> _Task_
Leave out the pictures and retype exactly the lines from the line with "Cartoon Boy Christmas 3D model" through the end of the listing below.

> _Given material_
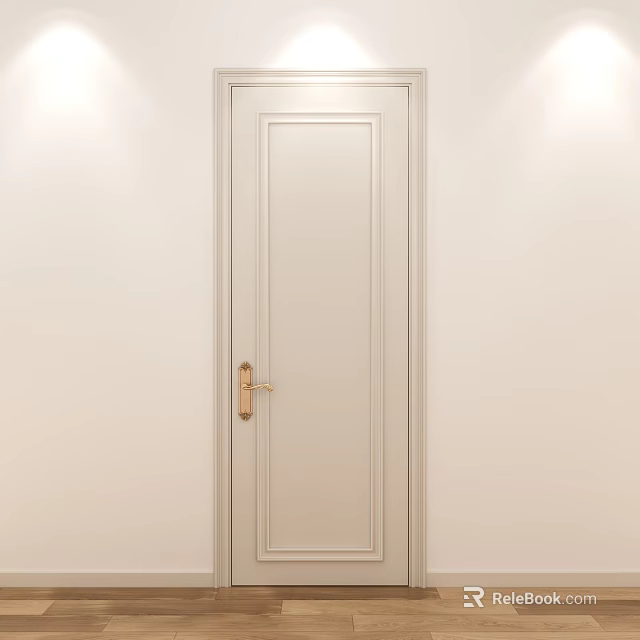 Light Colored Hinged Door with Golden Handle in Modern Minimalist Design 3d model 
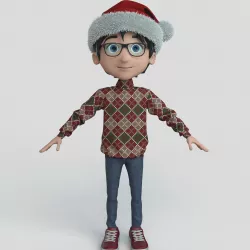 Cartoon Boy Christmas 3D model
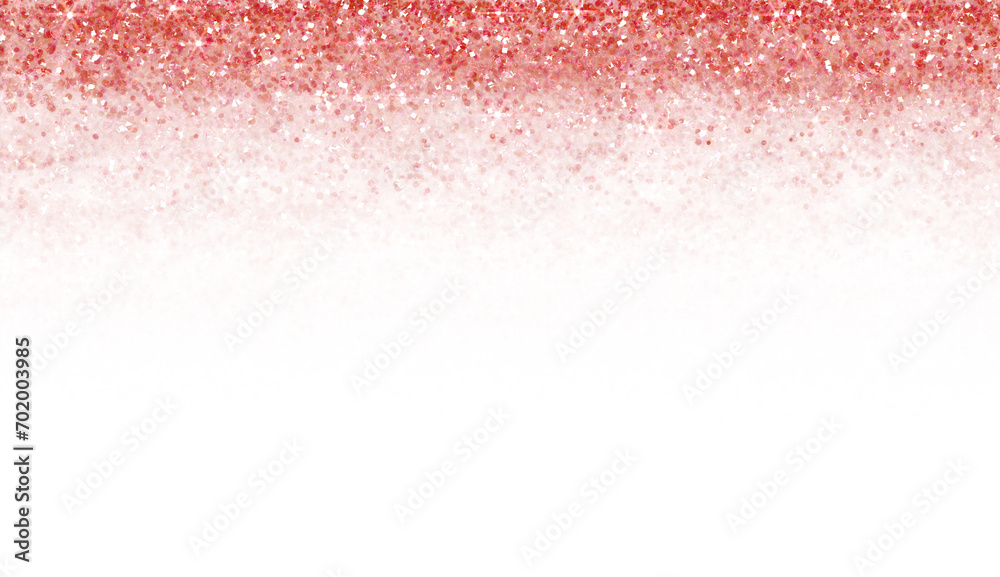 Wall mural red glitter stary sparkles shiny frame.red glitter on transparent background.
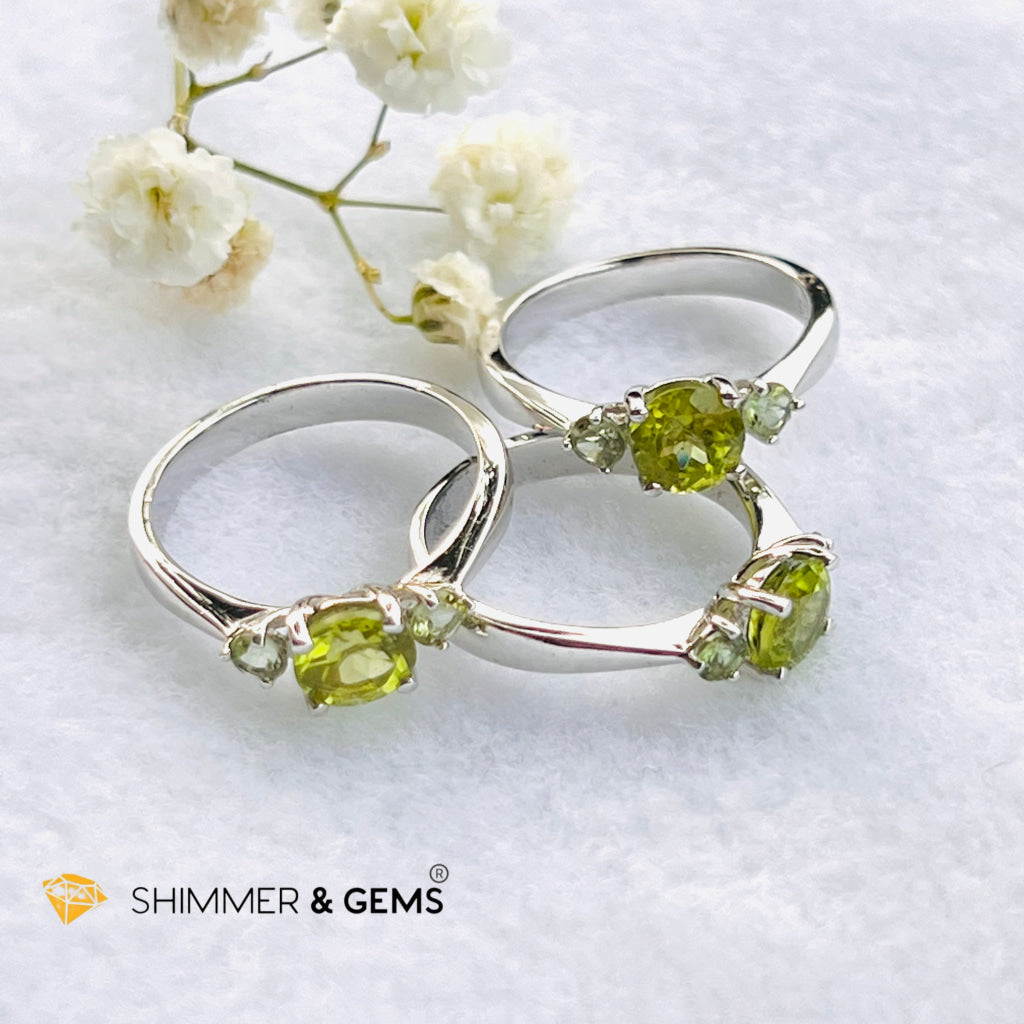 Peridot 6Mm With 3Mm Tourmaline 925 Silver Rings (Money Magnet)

> _Result below_
 Cartoon Boy Christmas 3D model
 Wall mural red glitter stary sparkles shiny frame.red glitter on transparent background.
 Peridot 6Mm With 3Mm Tourmaline 925 Silver Rings (Money Magnet)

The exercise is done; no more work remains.